Curiosity aroused, I surveyed my colleagues to find out what green things they did on their days off. (This was not strictly a scientific survey; the sample wasn’t random—we all work for DEP.)
Survey Question: What easy thing do you do after you get off work that protects air or water quality, conserves water or reduces waste?
Protect air quality
- Nancy uses green cleaners to keep her home clean and free of harsh chemicals.

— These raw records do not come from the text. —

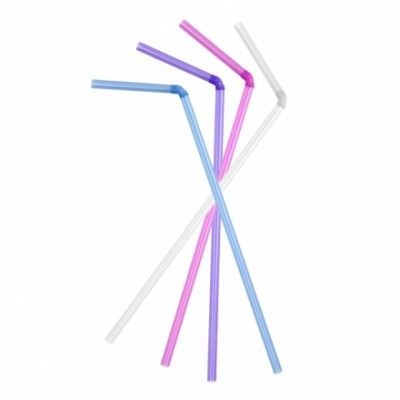 Sugrör Genomskinliga - 100-pack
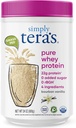 Simply tera's Pure Whey Protein Powder - Grass Fed Vanilla Whey Protein Powder, Clean, Made Without Artificial Sweeteners, Non-GMO, Kosher, rBGH-Free, Soy-Free - 24 Oz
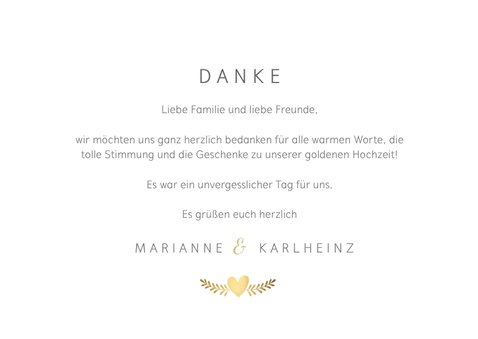 Danksagung zum Hochzeitsjubiläum eigenes Foto 3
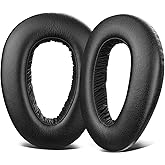 SOULWIT Protein Leder Ersatzpolster Ersatz Ohrpolster für Sennheiser PXC480, PXC550, PXC 550-II, MB660 UC, MB 660 MC, Polster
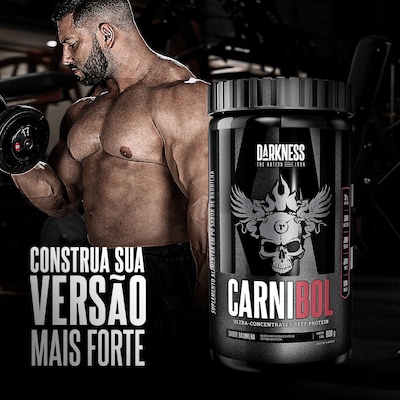 Beef Protein Ultra Concentrado Darkness Carnibol Chocolate 900g - Foto 2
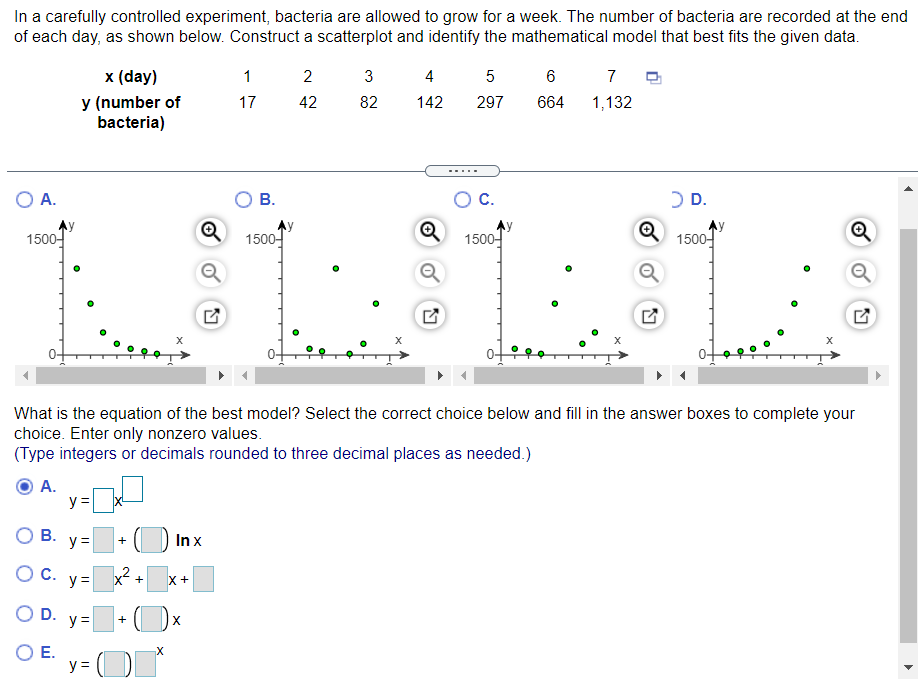 Solved In a carefully controlled experiment, bacteria are | Chegg.com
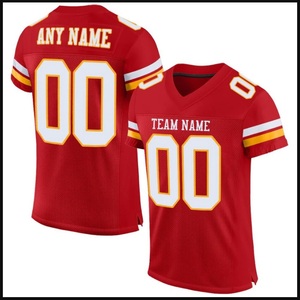 Camiseta de Fútbol Roja NAVISTA SPORTS Personalizable con Nombre y Número Impresos, Transpirable, de Secado Rápido, Ligera, Reversible y Antibacteriana - Product Image 2
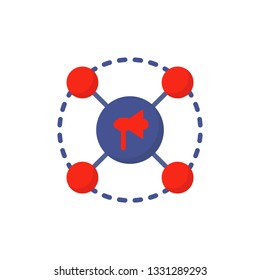 viral marketing icon vector flat style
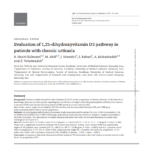 Evaluation of 1,25-dihydroxyvitamin D3 pathway in patients with chronic urticaria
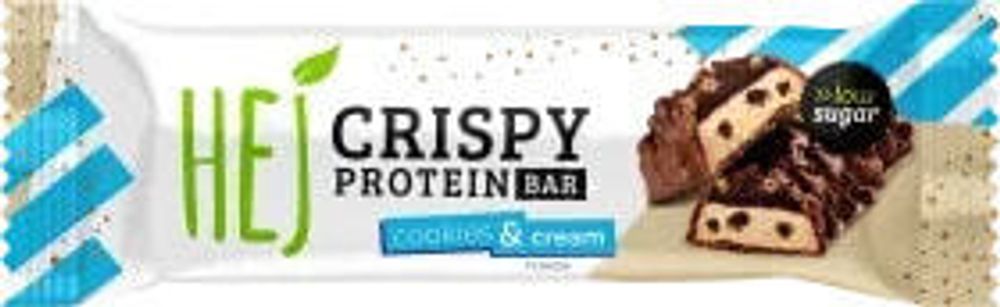 Proteinriegel Crispy Cookies &amp; Cream Geschmack, 45 g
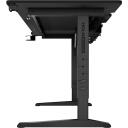 Genesis Moduārais Spēļu Galds NDS-2251, 180cm, 70-90cm, melns, MDF, kauss turētājs, austiņu turētājs, vadu pārvaldība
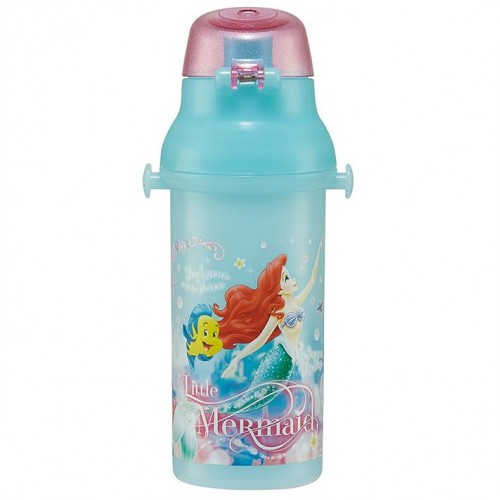 Skater Antibacterial Kid Water Bottle With Strap 480ml  (Ariel)
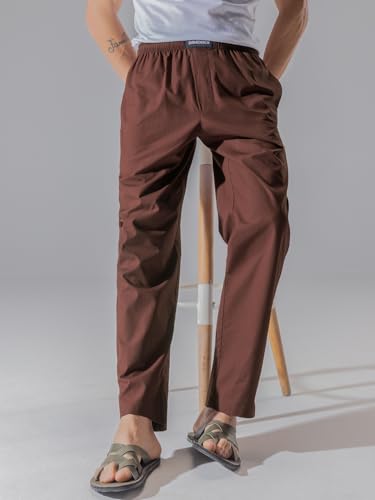 Image of DAMENSCH Relaxed Fit Premium Cotton Casual Style, Dual Pockets, Ultra light, Breathable, Anti-Bacterial, Stretchable, Soft Comfortable, Lounge Pyjamas For Men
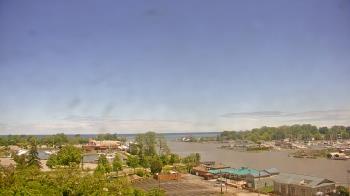 Weather camera view of Charlotte-Genesee Lighthouse.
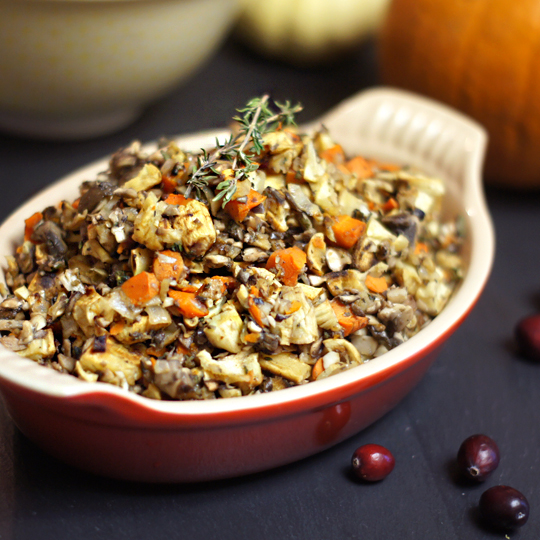 Grain-Free Stuffing (Low-Carb, Low-Fat) from The Detoxinista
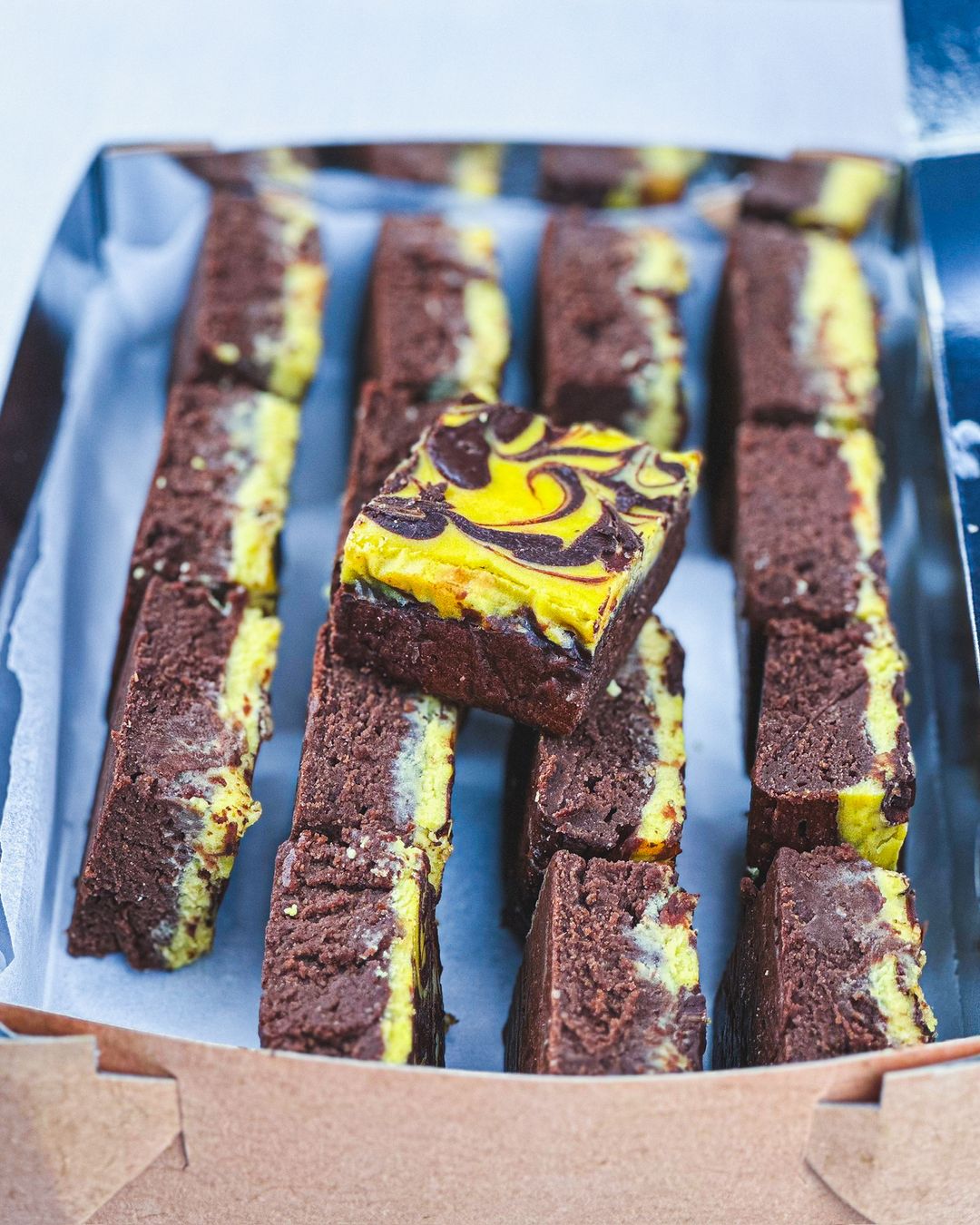 Protein Cheese Brownies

- Shelton traded his car for a more fuel-efficient ride. He gets 40 MPG, saves on gas money and reduces emissions.
- Kristin upgraded to energy efficient appliances that reduce greenhouse gas emissions and her utility bill.
- Martha carpools with two other people who work in the same building. They all save on gas. Emissions from the work commute are 2/3 less than if all three drove.
- Ann keeps her car tuned. She gets better gas mileage and fewer emissions enter the air.
Protect water quality
- Amy has a professional change her oil. Oil change centers recycle the oil. Motor oil, if not properly disposed of, can contaminate groundwater.
- Deas is a boater and uses pump outs. After a day of boating, she brings trash and recyclables back to the dock with her for proper disposal.
- Brad actually reads and follows the directions on the bags of fertilizer he uses on his lawn. Too much fertilizer contaminates groundwater and surface water.
- I catch rain to water plants. Rain is free. The oregano and thyme, which didn’t have to fly in from another state, make tasty additions to many recipes.
- Lauren mulches her flower beds to retain moisture and reduce the need for watering.
- Everybody surveyed turns off the water while brushing their teeth.
- Dianne bought reusable plates, cups and flatware for her staff. This keeps about a dozen paper products out of the landfill every time we order pizza.
- Leah feeds kitchen scraps to her chickens. Then the chickens lay eggs to feed Leah and her family. It works out nicely.
- Kathalyn doesn’t buy flavored water in bottles. She flavors water from her tap with fresh fruit, mint or lemon grass. Less wasteful, more tasteful.
All those surveyed have adopted easy green habits. Whether we brought those habits to the job or the job brought them to us, we’re pretty sure that protecting our air and water quality, conserving water and reducing waste makes sense and saves dollars.